Brendan McDermid/Reuters

A Waymo car hit a child in Santa Monica, California. It wasn’t fatal — minor injuries were reported — but it foreshadows the response of when one of Google’s vehicles will inevitably cause harm to a human.

Last Friday, a child ran into the road, directly ahead of the vehicle, which slowed down from 17 miles per hour to under 6 before making contact, according to the company. The same day, Waymo notified the National Highway Traffic Safety Administration, which indicated it will open an investigation into the incident.

Waymo wrote a blog post on Wednesday, the first time news of the incident reached the broader public. That’s not an inherently offensive timeline, but it calls back to when regulators found discrepancies in General Motors’ reporting of an accident with a Cruise autonomous vehicle, which ended up contributing to GM’s decision to shutter the project. In a statement shared with Semafor, a Waymo spokesperson highlighted transparency as core to Waymo’s “safety-led culture.”
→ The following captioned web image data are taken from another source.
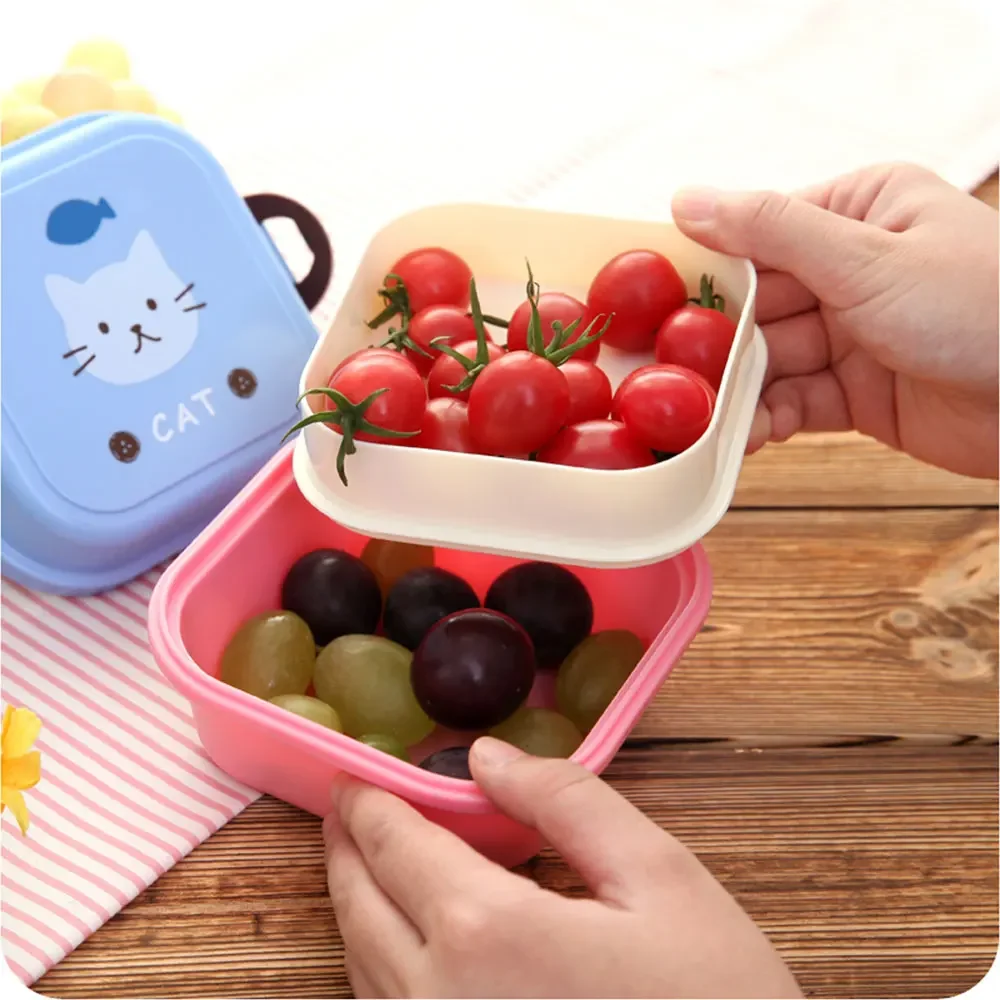 子供用ミニ可愛い漫画フード収納ボックス学校携帯ランチボックス - Camping Cooking Box Set のレビューと価格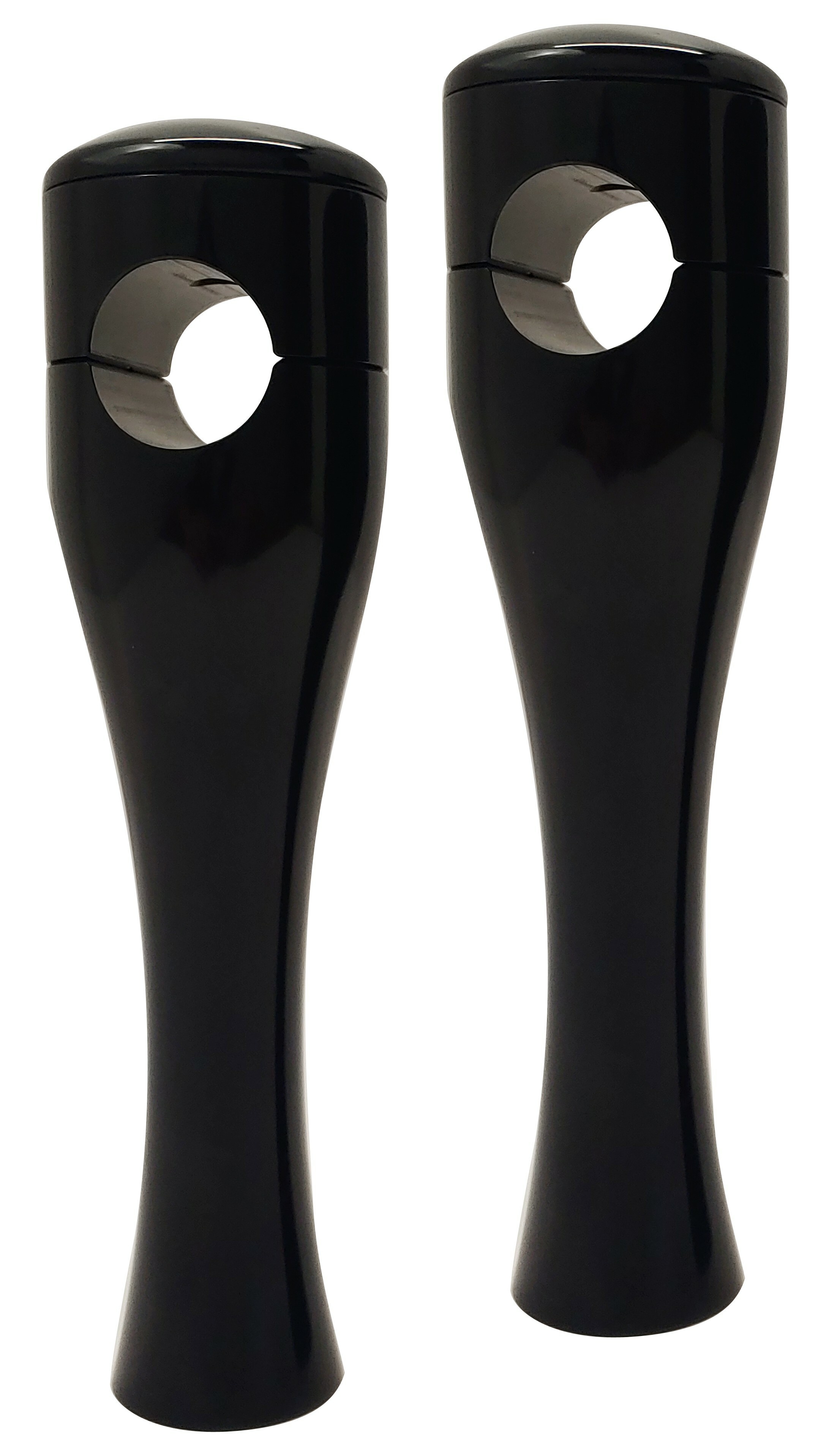 ACCUTRONIX 4" HOURGLASS RISER 1" BARS FX & XL BLACK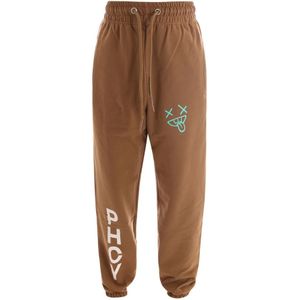 Pharmacy Industry, Bruine Joggingbroek voor Dames Bruin, Dames, Maat:M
“On the same day we voluntarily disclosed this incident to NHTSA, we prepared a statement and shared the details with a local journalist to ensure the information was available for public reporting,” she said. “We remain committed to proactive, voluntary disclosure as a pillar of building public trust and improving road safety.”

To be sure, Waymos are significantly safer, statistically speaking, than human drivers. According to an analysis by the company, a human in the same scenario would have still hit the child, while going faster — 14 miles per hour. Whether Waymo can convince regulators and the public that few human accidents become an acceptable trade-off, is still being determined.